Outra foi a obra de reabilitação da Escola Secundária Pe Benjamin Salgado, orçada em 20 milhões de euros financiados pelo PRR, e que é o maior investimento de sempre em edifícios do parque escolar concelhio. À semelhança de vários outros assuntos e eventos, os vídeos e as fotografias foram divulgados exclusivamente na página pessoal de Mário Passos. Na página do Município de Famalicão apenas foi divulgado link de notícias. Ou seja, reservam para a página de Mário Passos os conteúdos que atraem mais as pessoas.

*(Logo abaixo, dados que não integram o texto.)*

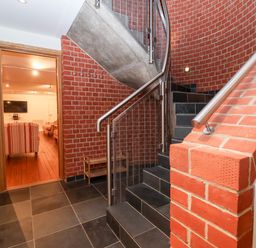 A hallway with black tiled floor red brick walls and a staircase with metal handrails at The Old Gymnasium in Southwold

Afinal, usar-se o aparato que vem com a função para se promover despudoradamente com recurso a meios públicos nem é o mais chato de tudo. Chato, chato, é haver quem repare nestas coisas.
E quantas almas trabalham na página pessoal do Facebook do presidenciável Mário Passos? Oito almas oito. Serão umas e as mesmas pessoas que trabalham na página do Facebook do município? Não sei. Se calhar não. O mais provável é Mário Passos pagar a estas oito pessoas do próprio bolso.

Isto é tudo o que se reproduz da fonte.